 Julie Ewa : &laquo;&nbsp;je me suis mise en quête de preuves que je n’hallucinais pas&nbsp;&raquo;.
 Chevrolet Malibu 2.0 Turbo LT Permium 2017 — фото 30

---

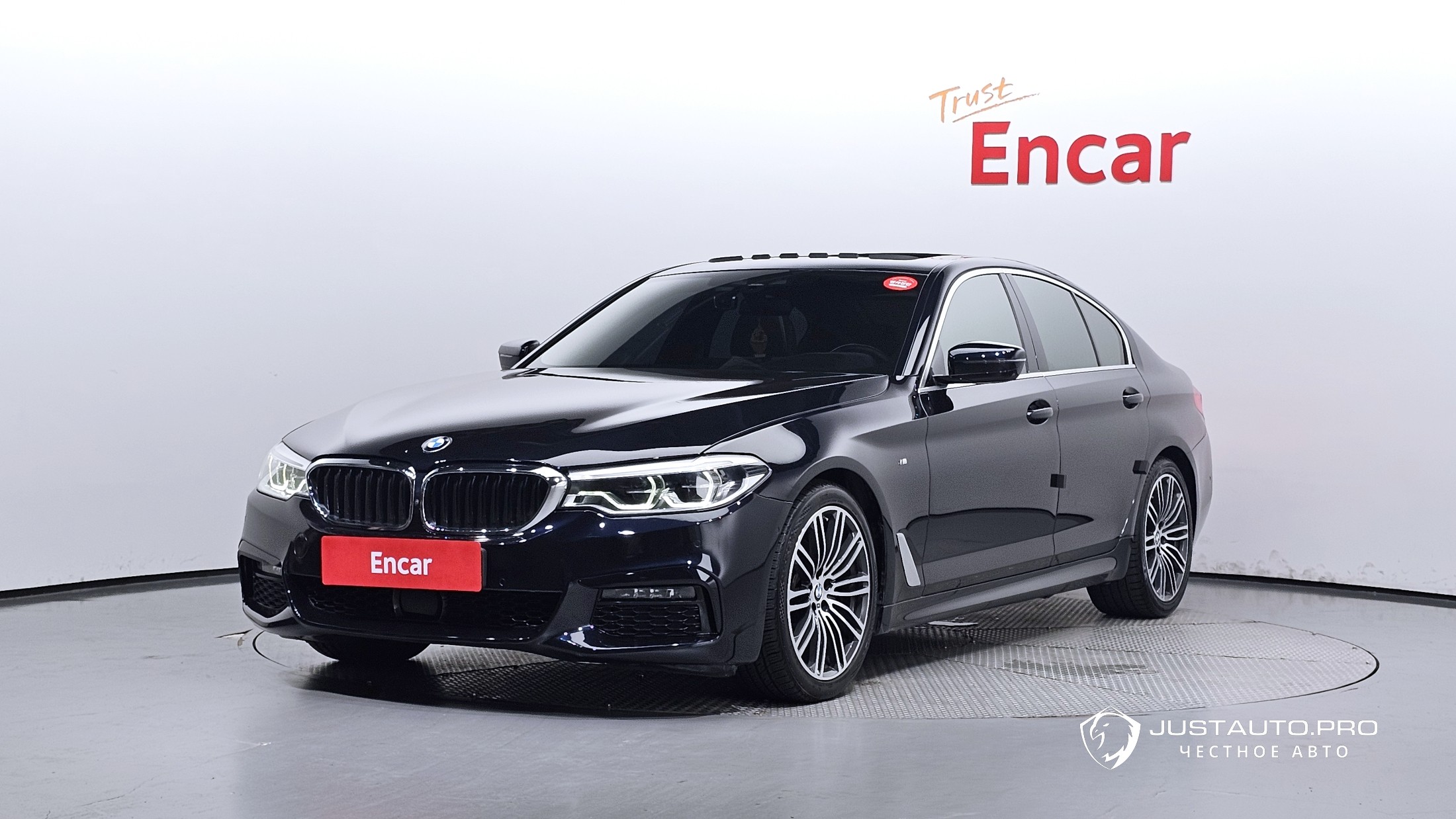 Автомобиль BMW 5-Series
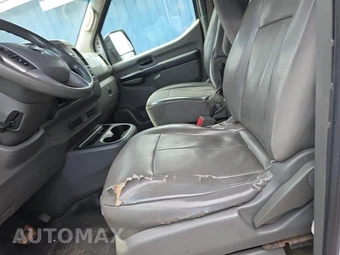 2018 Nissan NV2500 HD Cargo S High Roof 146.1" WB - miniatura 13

- **Task brief**: Within the material above, the line with "Julie Ewa : &laquo;&nbsp;je" opens the range and the line with "Chevrolet Malibu 2.0" closes it; reproduce that range word for word.

- **Result of the task**:
 Julie Ewa : &laquo;&nbsp;je me suis mise en quête de preuves que je n’hallucinais pas&nbsp;&raquo;.
 Chevrolet Malibu 2.0 Turbo LT Permium 2017 — фото 30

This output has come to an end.